- Task instructions:
All of the entries are to be repeated exactly, with no pictures included.

- Data shown:
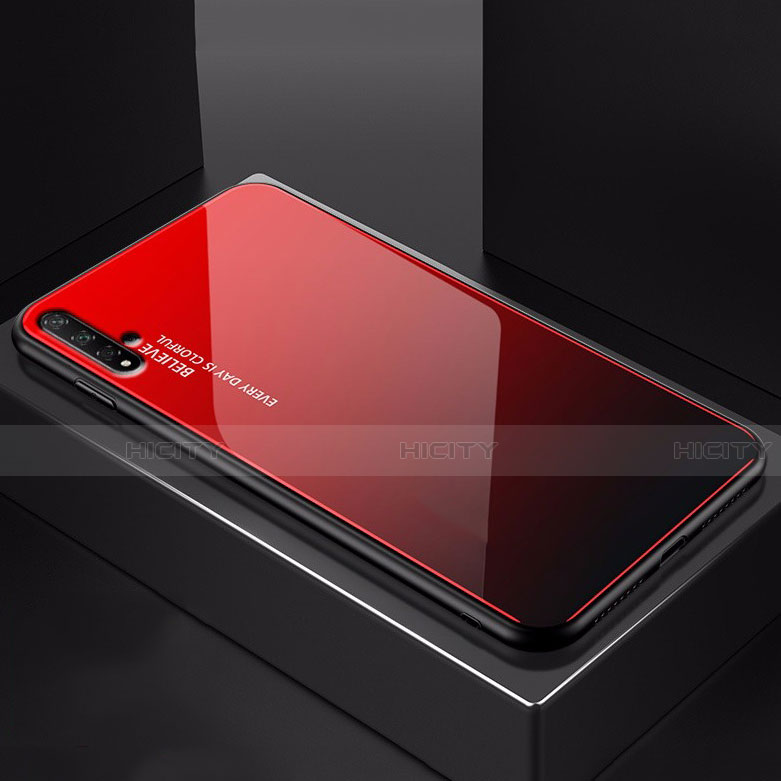 Silikon Schutzhülle Rahmen Tasche Hülle Spiegel Farbverlauf Regenbogen H01 für Huawei Honor 20 Rot Plus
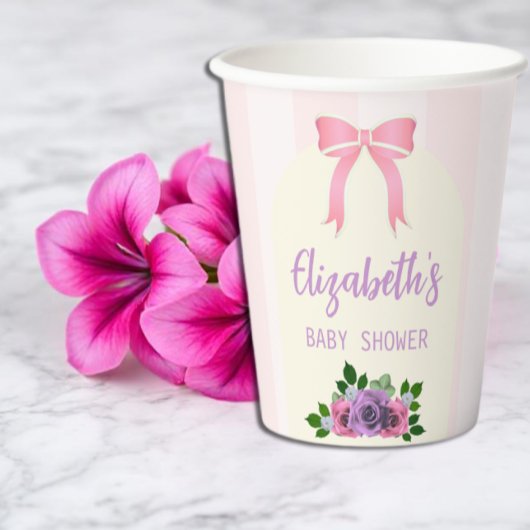 Garden Rose Pink Baby Dusche Pappbecher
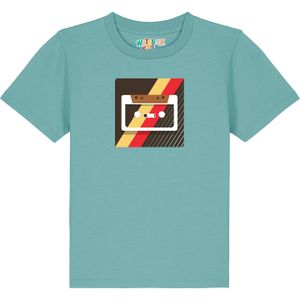 watabout.kids Shirt 'Kassette'  turquoise / donkerbruin / rood / wit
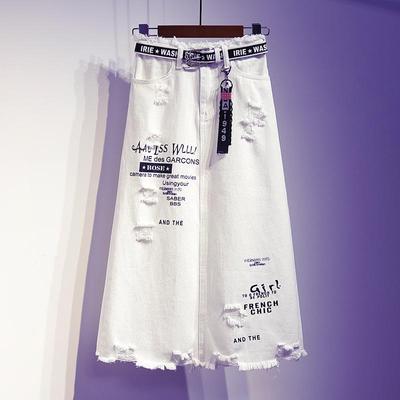 Letter Print Women Skirt High Waist Female Long Skirt Plus Size Women Hole Denim Skirt 5XL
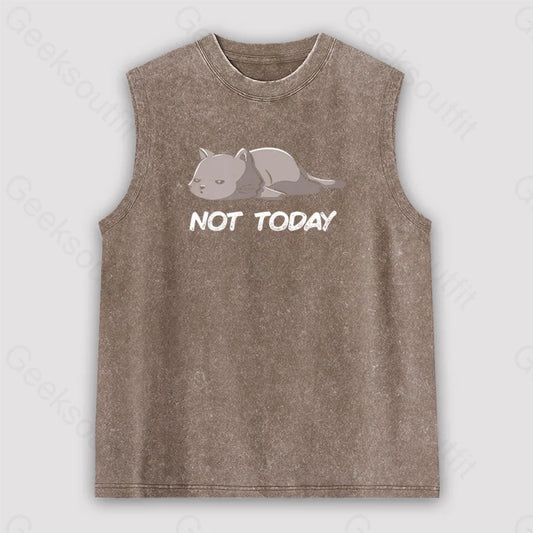 Not Today Unisex Washed Tank Brown / S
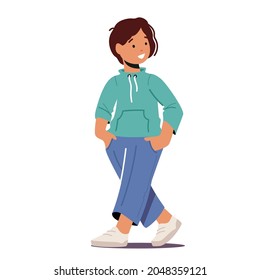 Happy Little Boy Smiling. Child Character Happy Emotion, Positivity, Happiness and Childhood Concept. Kid in Fashionable Clothes Jeans and Hoodie. Isolated Cartoon People Vector Illustration, Clipart
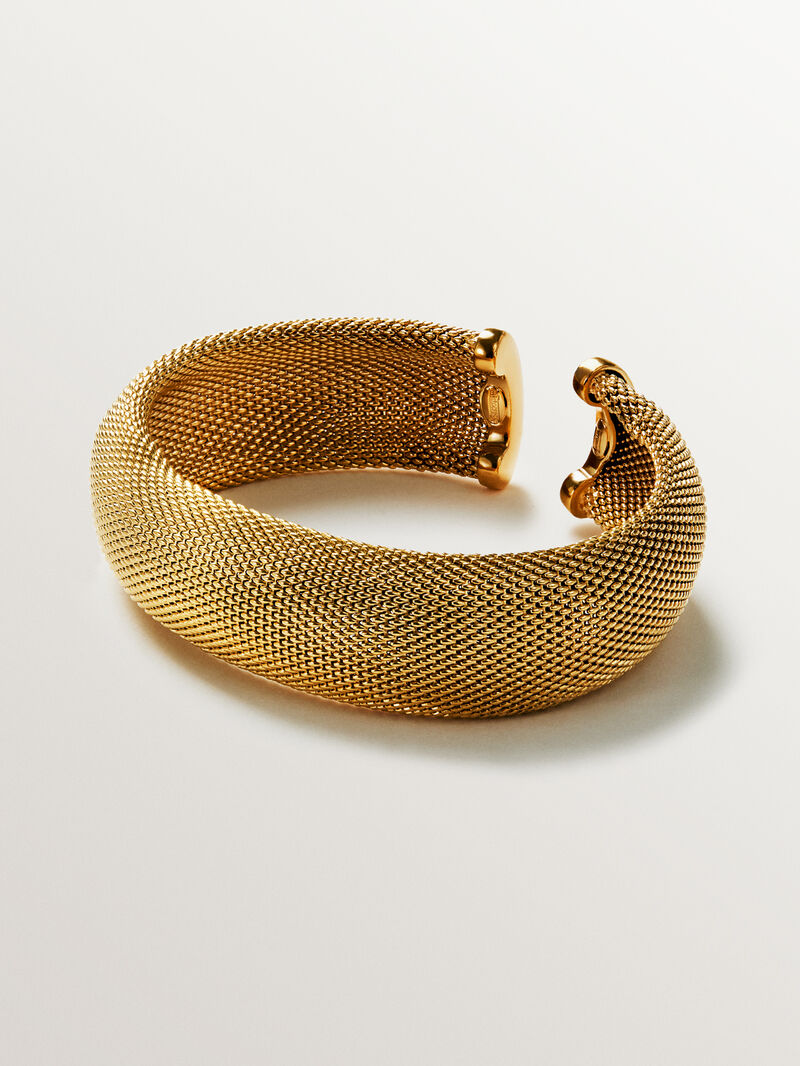Rigid 18K yellow gold plated 925 silver bracelet open and with mesh image number 0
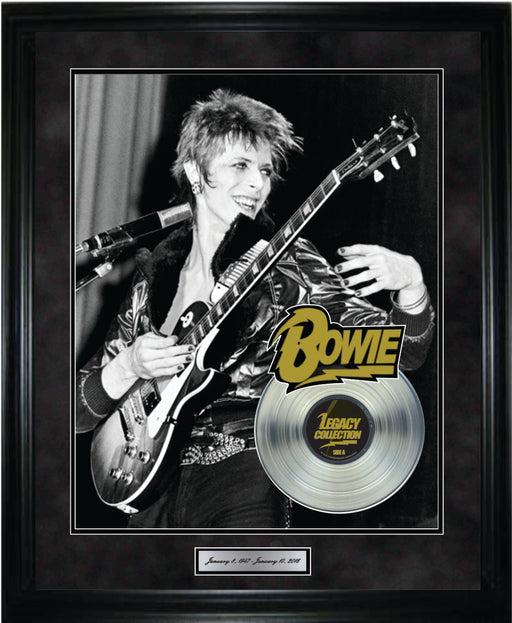 David Bowie Playing Guitar Framed With Platinum LP - Frameworth Sports Canada 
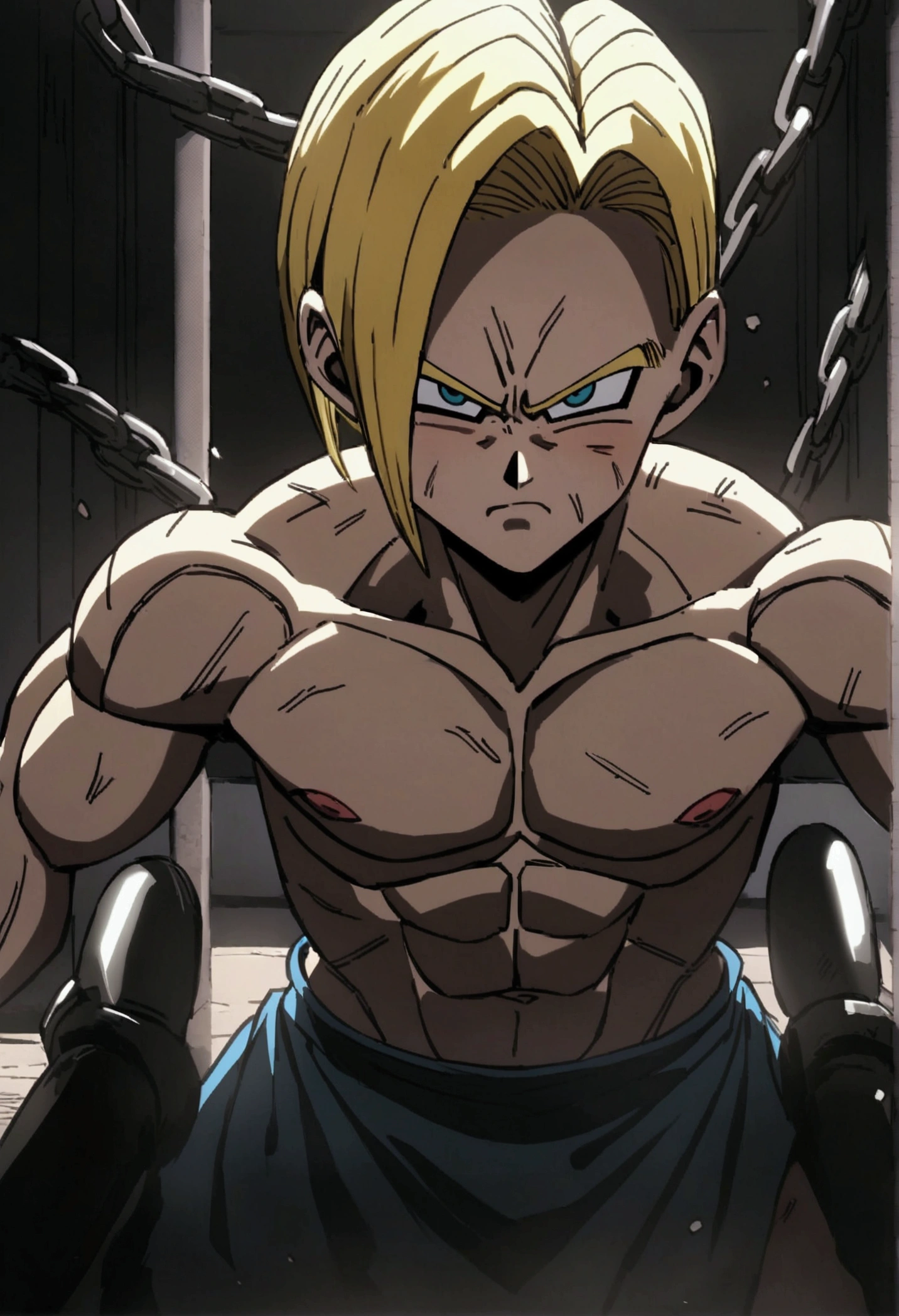 Android 18 from Dragon Ball naked in a laboratory, orders, chained, beaten, frown
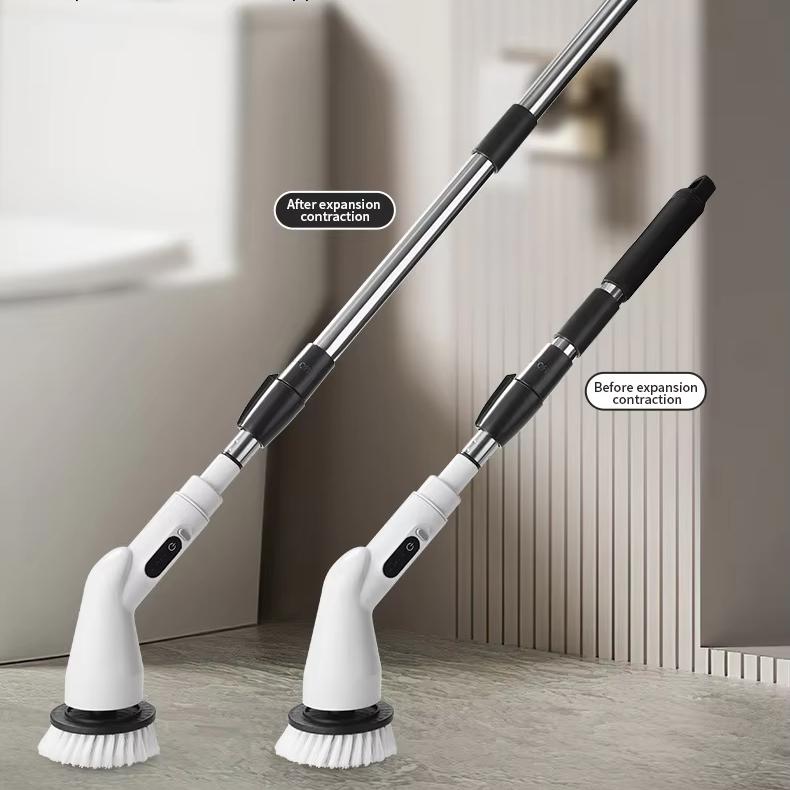 2025 New Eight in One Multifunctional Cleaning Brush Handheld Charging Long Handle Automatic Rotating Telescopic Cleaning Brush белый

- Solved exercise:
 Silikon Schutzhülle Rahmen Tasche Hülle Spiegel Farbverlauf Regenbogen H01 für Huawei Honor 20 Rot Plus
 Garden Rose Pink Baby Dusche Pappbecher
 watabout.kids Shirt 'Kassette'  turquoise / donkerbruin / rood / wit
 Letter Print Women Skirt High Waist Female Long Skirt Plus Size Women Hole Denim Skirt 5XL
 Not Today Unisex Washed Tank Brown / S
 Happy Little Boy Smiling. Child Character Happy Emotion, Positivity, Happiness and Childhood Concept. Kid in Fashionable Clothes Jeans and Hoodie. Isolated Cartoon People Vector Illustration, Clipart
Rigid 18K yellow gold plated 925 silver bracelet open and with mesh image number 0
 David Bowie Playing Guitar Framed With Platinum LP - Frameworth Sports Canada 
 Android 18 from Dragon Ball naked in a laboratory, orders, chained, beaten, frown
 2025 New Eight in One Multifunctional Cleaning Brush Handheld Charging Long Handle Automatic Rotating Telescopic Cleaning Brush белый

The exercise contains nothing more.